-- The data follows --

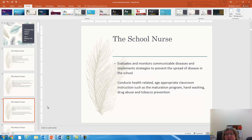They will monitor communicable disease, keep up with flu counts and other issues, and implement whatever strategies are needed to protect the students and the population.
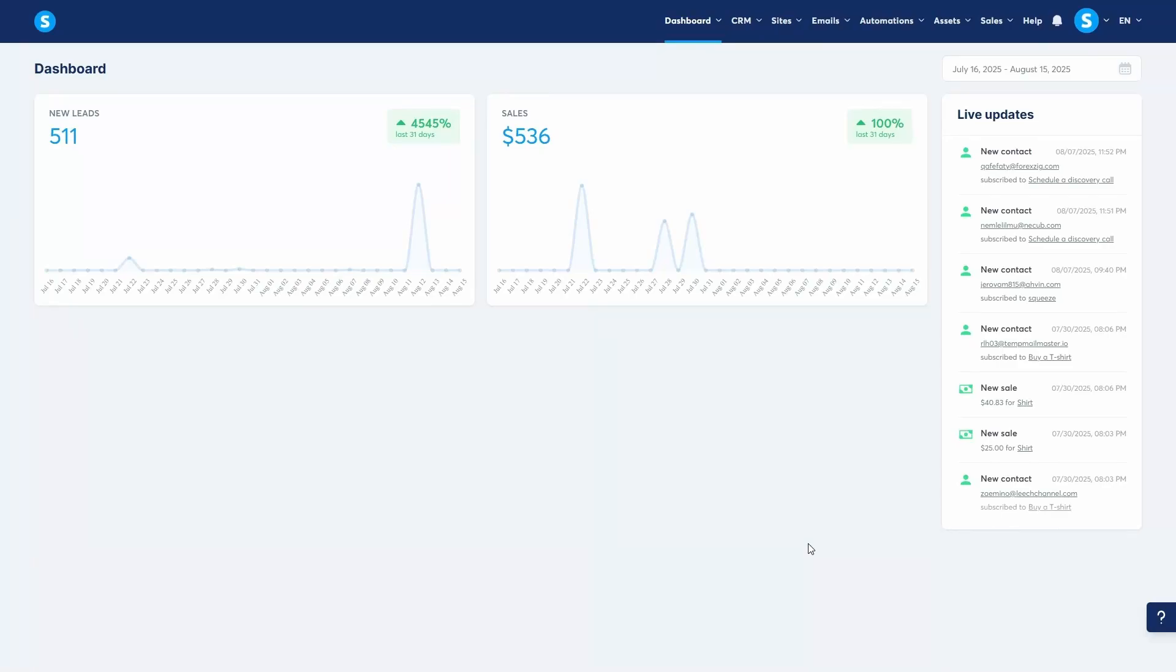Hey guys, in this video I'm going to show you how you can use System.io to create, sell, and manage your own online courses. Selling online courses is a fantastic business model and with System.io the entire process is streamlined into one platform, making it easier than ever before. Let's dive in.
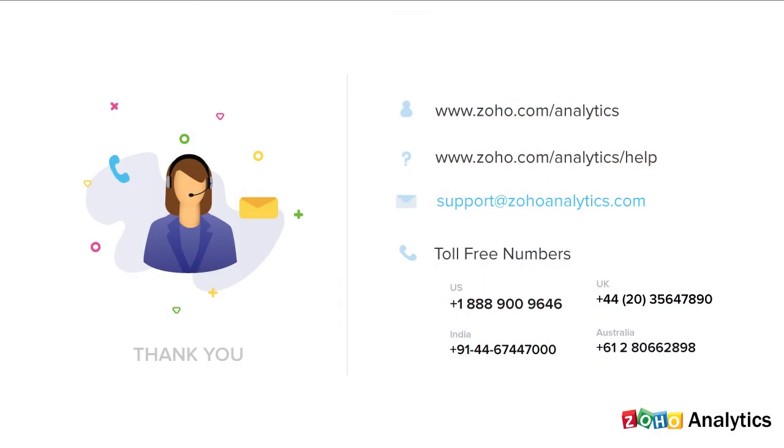Thank you for watching this demo. For further inquiries, send us an email at support at zohoanalytics.com or call us on our toll-free numbers.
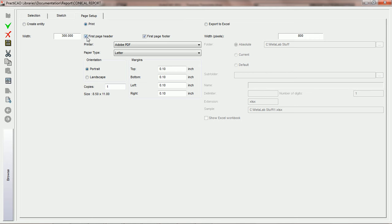Here you'll notice that you have the options to print out a first page header or a first page footer. In this particular case, we'll say let's print out the first page header.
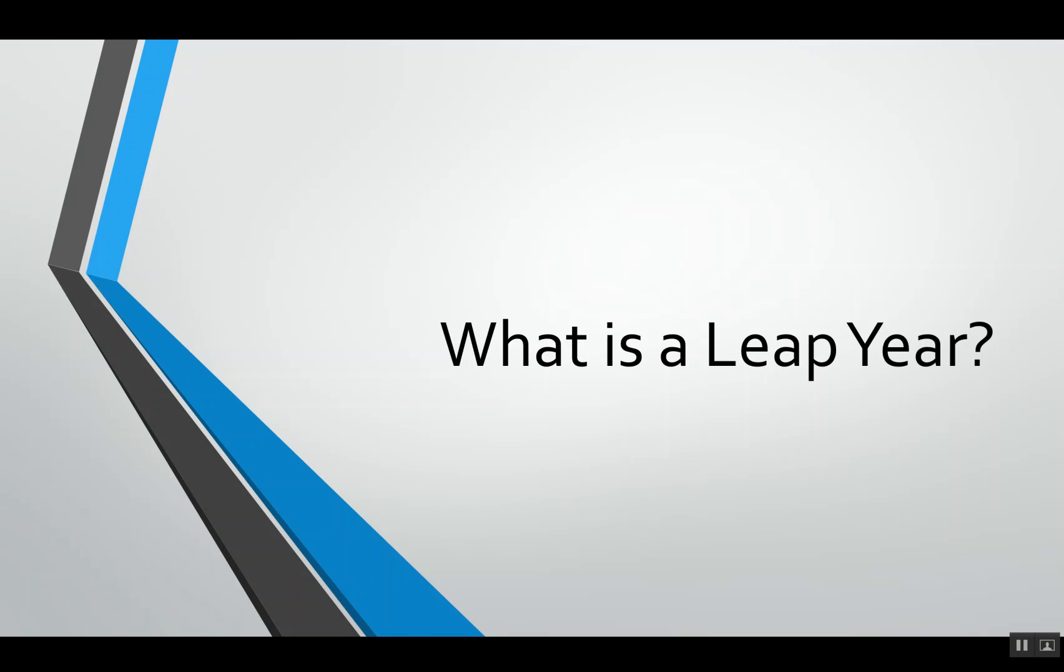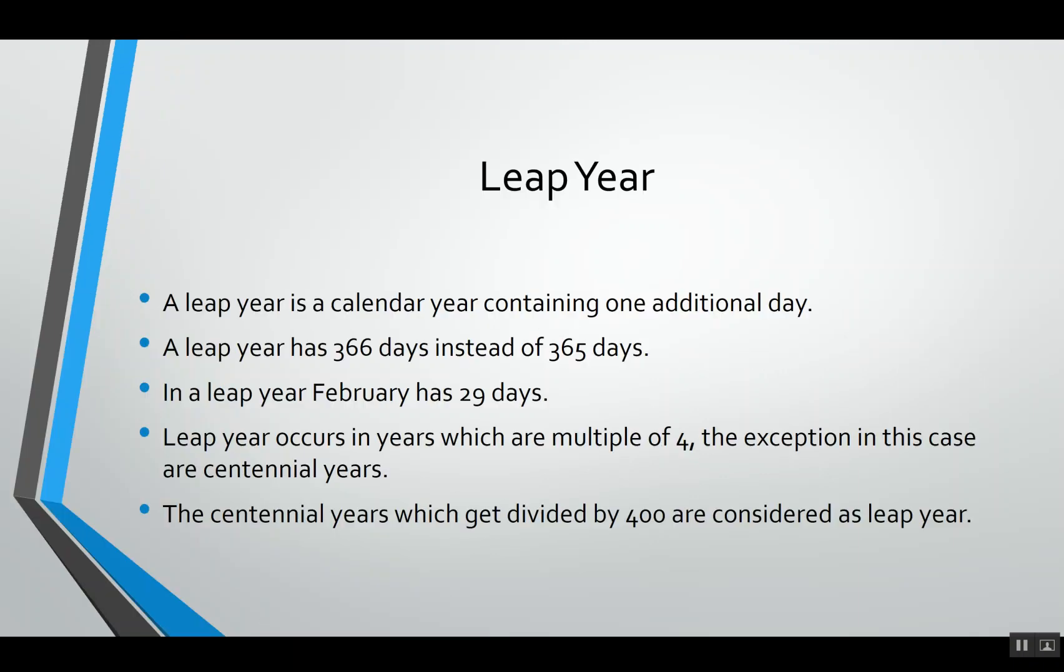Recently my son came up with the question, what is a leap year? So in this video we will see the definition of a leap year and we will try to find whether a year is a leap year or not by using some examples. Let's start.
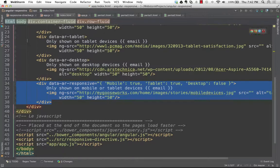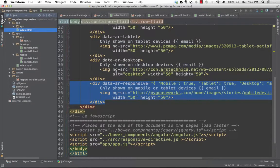That's pretty much it for what I was going to show around responsive. Does anybody have questions or comments? So with the first approach where we're changing the view, you do still have the maintenance problem — you're managing two different sets of partials, one for mobile and one for desktop.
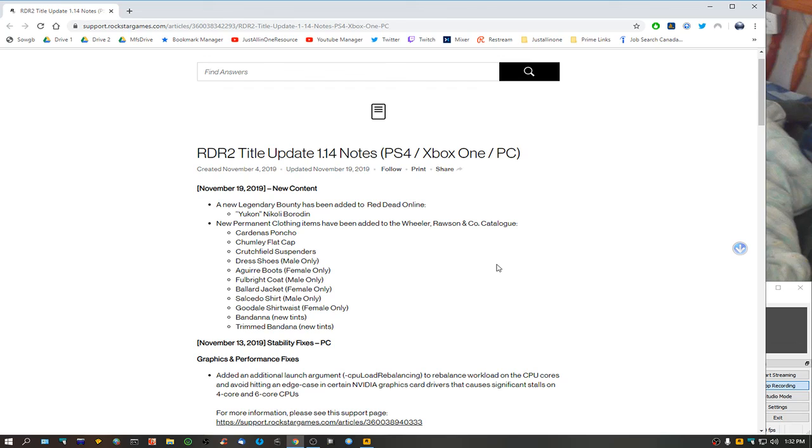Stay away from this game, guys. Many people, and I mean many people, still can't play this game, and Rockstar's doing nothing about it.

-- The data concluded --

[Assigned task] Using the records above, return word for word the lines that begin at the one containing "Thank you for" and end at the one containing "Recently my son", both of them included and no pictures.

[Exercise solution]
Thank you for watching this demo. For further inquiries, send us an email at support at zohoanalytics.com or call us on our toll-free numbers.
Here you'll notice that you have the options to print out a first page header or a first page footer. In this particular case, we'll say let's print out the first page header.
Recently my son came up with the question, what is a leap year? So in this video we will see the definition of a leap year and we will try to find whether a year is a leap year or not by using some examples. Let's start.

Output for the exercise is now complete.